Science is progressing at a rapid pace. The human genome sequence has been completed and evidence on how diseases occur at the molecular level is growing by the day. Researchers and clinicians have been steadily working to use this data to make personalized medicine become a reality. However, with all of this new information, these prospective breakthroughs aren’t yet reaching patients as quickly as needed. In the coming year alone, cancer will claim the lives of over 550,000 Americans. To address this incredible burden, and to ensure that patients have access to the most beneficial treatments, the process for turning these scientific insights into safe and effective treatments needs to accelerate as well.
Our progress in understanding the specific pathways of disease has identified hundreds of new targets for potentially life-saving drugs that hold the potential to treat individual patients much more effectively.
The result of this understanding is an emerging paradigm shift for the development of new medicines. This paradigm is beginning to yield drugs that may have much more of a positive impact on the lives of these patients than traditional therapies.
The regulators at the FDA must be fully engaged in this shift in development, which may involve a sharpening focus on particular subsets of a disease. When a new drug or drug combination shows extreme activity very early, like these new targeted agents are capable of doing, new approaches are needed that focus on the most efficient mechanisms to get a potential medical breakthrough to the relevant patients—and that may require significant revisions in the way such drugs are tested for safety and effectiveness under the FDA’s oversight.
Over the past year, our organizations—Friends of Cancer Research and the Engelberg Center for Health Care Reform at Brookings—have convened a series of workshops to explore potential scientific strategies that FDA and drug researchers could use to address this new paradigm. We found that FDA and the scientists involved in product development have already taken a number of promising steps to respond to these new trends in medical product development. Working with FDA, we also identified some critical further steps to make sure that the development and regulatory processes for breakthrough drugs are aligned with the rapid progression of science.
Recently, to ensure that FDA can actively and quickly engage, Senators Bennet (D-Colo.), Hatch (R-Utah) and Burr (R-N.C.) introduced a bill in the Senate to establish a Breakthrough Product Designation.
The Breakthrough Product Designation has two main goals: 1) to reduce the total development time and cost of the most promising “breakthrough” treatments; and 2) to minimize the number of patients that would be given a “control” regimen or a currently available treatment that doesn’t work well. This legislation does not alter current FDA standards and any new drug would continue to be required to fully demonstrate both safety and efficacy.
Upon designation, the FDA and the drug sponsor would engage in intensive interactions to collaboratively construct and agree upon a development strategy for the drug.
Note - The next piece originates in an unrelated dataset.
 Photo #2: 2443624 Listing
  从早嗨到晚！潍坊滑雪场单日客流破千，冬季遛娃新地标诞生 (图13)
This could include the use of a variety of innovative clinical trial designs, or specific strategies for accumulating further evidence on the breakthrough drug after it is approved.
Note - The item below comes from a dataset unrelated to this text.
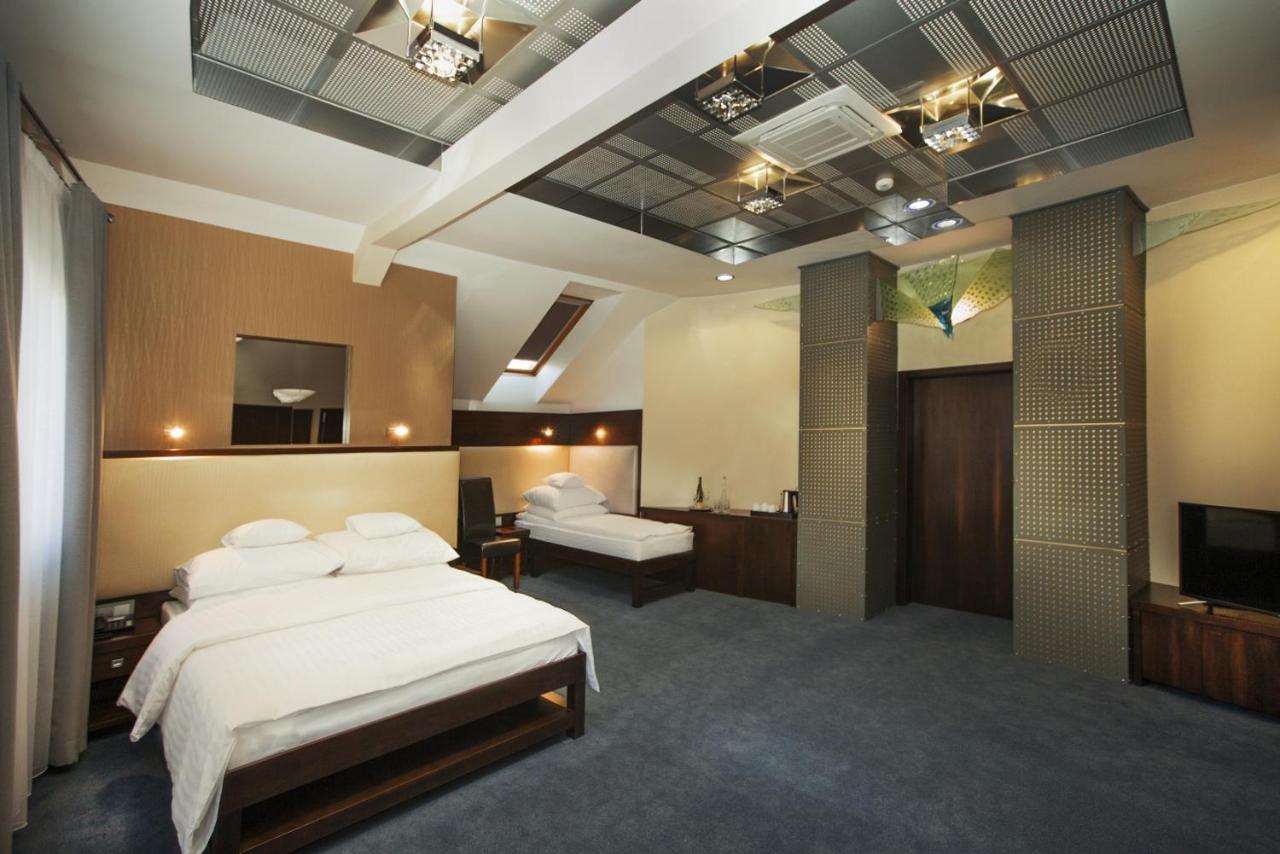 Bielany Wrocławskie Hotel Inter מראה חיצוני תמונה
In order to be most effective, the Breakthrough Product designation would be given as early as possible, so that the sponsor and FDA can discuss ways to condense traditional, often lengthy multi-phase trials into rigorous and efficient protocols to cut that time down. This designation would allow FDA to prepare for and implement a consistent strategy for potentially revolutionary medicines. It would signal to developers that, for the most promising products to battle severe illness and disease, the FDA will actively marshal these products through the course of development—and would help them identify the most efficient ways to develop their drugs.